Dec 15, 2010 11:47 GMT  ·  By

Now that the Radeon HD 6900 graphics cards have been made official, it's time for manufacturers near and far to showcase their Cayman-based GPUs, Asus being the latest company to do just so with the factory overclocked ASUS HD6970 and HD6950 models.

Although both of these cards look pretty bland at first sight, Asus is one of the few companies that decided to overclock AMD's cards while also bringing some improvements to the standard cooling setup used for the HD 6900 series.

As a result, Asus states its solutions can offer “extra frames per second and no slow-down even during intense action sequences in games” as well as “better cooling and therefore enhanced output tolerances.”

However, taking a look at the clock speeds of its two Cayman-based cards makes us believe gaming performance won’t be very much improved by the insignificant 10MHz factory overclock achieved by Asus for both the HD 6970 and the HD 6950.

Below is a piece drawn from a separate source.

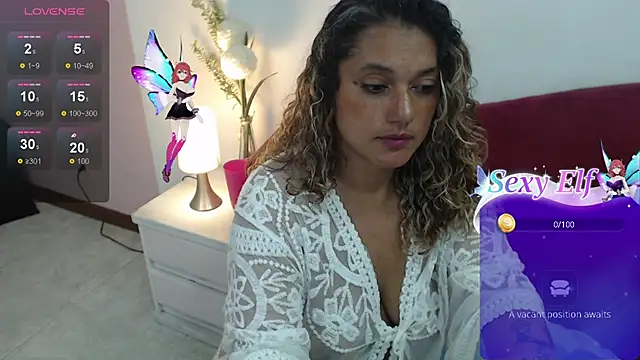 Snapshot of Sofii_Diaz chatting on December 6, 9:46 pm Sofii Diaz online show from December 6, 9:46 pm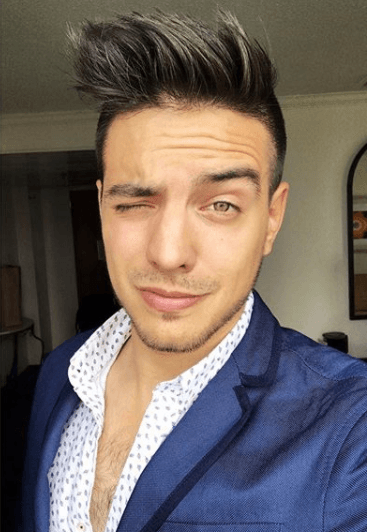 Siempre tiene un look para cada ocasión, en esta fotografía presumió su nuevo corte te cabello, ¿te gusta?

As far as the second part of Asus' claim is concerned, this is backed by the use of an all-aluminum cover instead of the regular plastic shroud, the company stating this dissipates surface heat more evenly and rapidly than the reference design.

Dubbed the EAH6970/2DI2S/2GD5, Asus' Radeon HD 6970 is powered by 1,536 stream processors, 96 texturing units and 32ROPs, its core being clocked at 890MHz while the memory chips run at the default 1.375GHz (5.5GHz effective).

Additionally, the board features a 256-bit memory bus and 2GB of GDDR5 memory, the same memory configuration being used for its smaller sibling, the HD 6950, although the Cayman Pro core drops the number of stream processors and texturing units to 1,408 and 88, respectively.

The Asus EAH6950/2DI2S/2GD5 core is clocked at 810MHz and its video buffer runs at 1.25GHz (5.0GHz effective).

Compared to most other HD 6900 graphics cards available out there, Asus also bundles a custom overvoltage tool with both of these graphics cards, promising up to a 50% speed boost with proper cooling.

Unfortunately, no details about pricing are available right now.